1

I am using the last command from this SO answer https://stackoverflow.com/a/54818581/80353

cap()(cd /tmp;rm -f *.vtt;youtube-dl --skip-download --write-auto-sub "$1";sed '1,/^$/d' *.vtt|sed 's/<[^>]*>//g'|awk -F. 'NR%8==1{printf"%s ",$1}NR%8==3'|tee cap)

What this command currently do

  1. This command will download captions for a youtube video as a .vtt file and
  2. then print out on the terminal the simplified version of the .vtt file

This command works as described.

How to use this command

In the terminal I will run the above command once and then run cap $youtube_url

What I like to have

I would like to modify the original cap() function so that the original behavior remains with one extra part

  1. This command will download captions for a youtube video as a .vtt file (unchanged)
  2. then print out the simplified version of the .vtt file into another file that's stated as parameter $2 (changed)

How I expect to call the new command

Originally, I would call the original command as

cap $youtube_url

Now I like to do this

cap $youtube_url $relative_or_absolute_path_of_text_or_markdown_file

How do I modify the original cap command to achieve the outcome I want?

Kim Stacks
  • 10,202
  • 35
  • 151
  • 282
  • Could you please do let us know the complete requirement of your code, as this looks very complex and may lead to confusions. Kindly do add more information in your question and let us know then, cheers. – RavinderSingh13 Dec 09 '19 at 07:09
  • @RavinderSingh13 Oh I wasn't aware that this wasn't clear enough.
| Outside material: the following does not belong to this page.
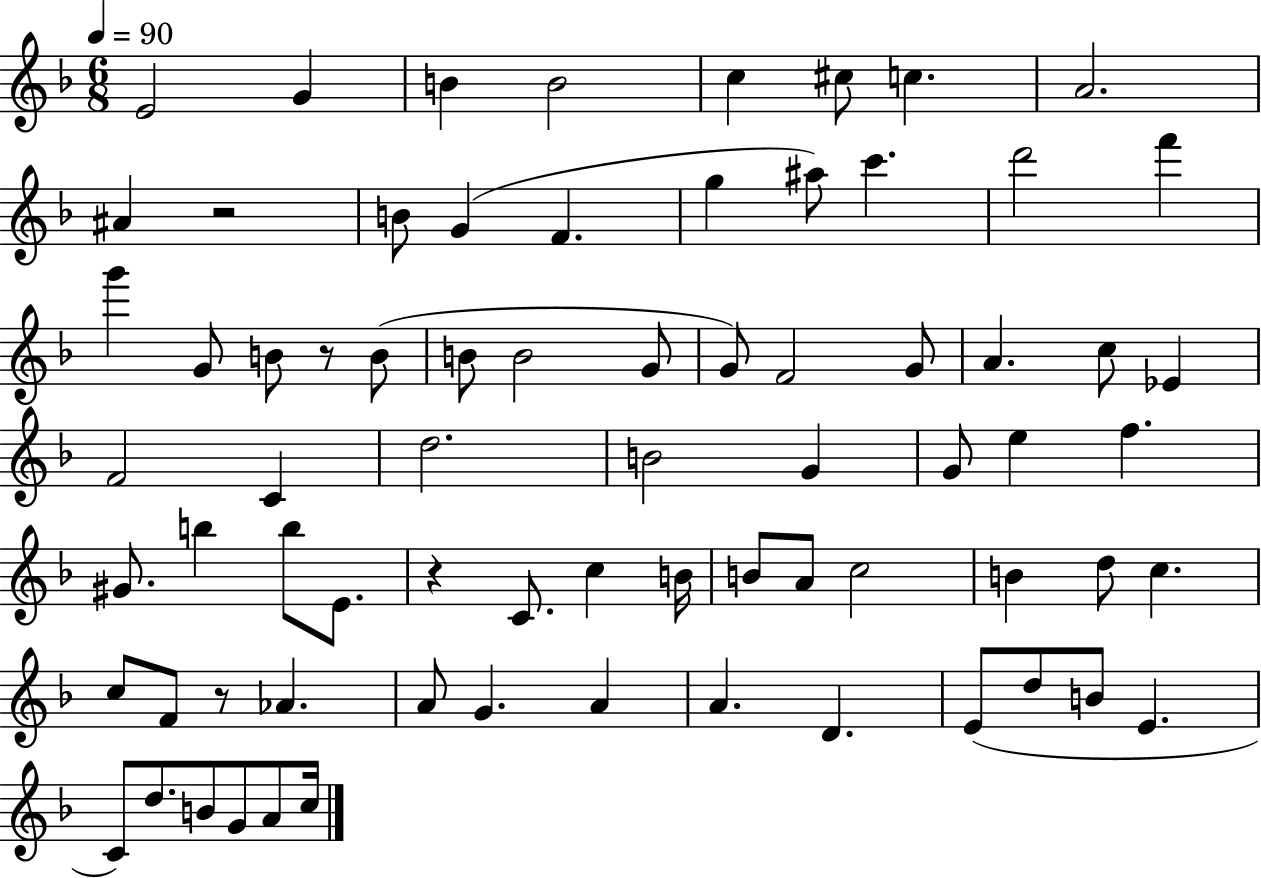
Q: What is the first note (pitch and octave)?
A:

Let me try again. Is this better? – Kim Stacks Dec 09 '19 at 07:17
  • 2
    Did you try `... | tee "$2"` instead of `... | tee cap`? – oguz ismail Dec 09 '19 at 07:23
  • 1
    @KimStacks, Could you please try following once `cap()(cd /tmp;rm -f *.vtt;youtube-dl --skip-download --write-auto-sub "$1";sed '1,/^$/d' *.vtt|sed 's/<[^>]*>//g'|awk -F. 'NR%8==1{printf"%s ",$1}NR%8==3'|tee -a "$2")`? And lemme know then. This should show output on screen as well as save into output file too. – RavinderSingh13 Dec 09 '19 at 07:24

3 Answers3

2

Considering that you want to see output on screen as well as you want to save output into a output file too, if this is the case could you please try following.

cap()(cd /tmp;rm -f *.vtt;youtube-dl --skip-download --write-auto-sub "$1";sed '1,/^$/d' *.vtt|sed 's/<[^>]*>//g'|awk -F. 'NR%8==1{printf"%s ",$1}NR%8==3'|tee -a "$2")
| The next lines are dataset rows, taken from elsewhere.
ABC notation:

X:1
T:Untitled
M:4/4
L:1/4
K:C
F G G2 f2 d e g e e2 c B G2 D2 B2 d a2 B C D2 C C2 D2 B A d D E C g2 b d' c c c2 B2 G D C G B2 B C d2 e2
OR in non-one liner form use:

cap()(cd /tmp;rm -f *.vtt;youtube-dl --skip-download --write-auto-sub "$1";\
sed '1,/^$/d' *.vtt|sed 's/<[^>]*>//g'|awk -F. 'NR%8==1{printf"%s ",$1}NR%8==3'\
|tee -a "$2")

Please make sure that you have provided complete path in your variable eg--> relative_or_absolute_path_of_text_or_markdown_file="/full/path/output_file.txt" etc just an example. I couldn't test it since I don't have mechanism for vtt files etc in my box.

In case you don't want to print information on screen and simply want to save output into output file then as @oguz ismail's comment use only tee "$2" not tee -a "$2" as I shown above.

RavinderSingh13
  • 130,504
  • 14
  • 57
  • 93
  • 1
    It works. And yes I need to state full path for it to work. cannot work with relative path. I have an additional request but was wondering if it should be a separate question. I would like to be able to create the new file if it doesn't exist and that the relative path can work. Would prefer to use SO the right way. So should I repost as new question or continue with this question? And many thanks – Kim Stacks Dec 10 '19 at 03:10
  • 1
    @KimStacks, your welcome, IMHO, looks like a completely new query, you can create a new question for it, cheers. – RavinderSingh13 Dec 10 '19 at 03:12
1

Here's a detailed bash script for those who wants to save the subs file with a relative path.

The result is saved as plaintext, removing time, new lines and other markup.

#!/bin/bash
# video-cap.sh videoUrl sub.txt

# Download captions only and save in a .vtt file
youtube-dl --skip-download --write-auto-sub "$1";

# Find .vtt files in current directory created within last 3 seconds, limit to 1
vtt=$(find . -cmin -0.05 -name "*.vtt" | head -1)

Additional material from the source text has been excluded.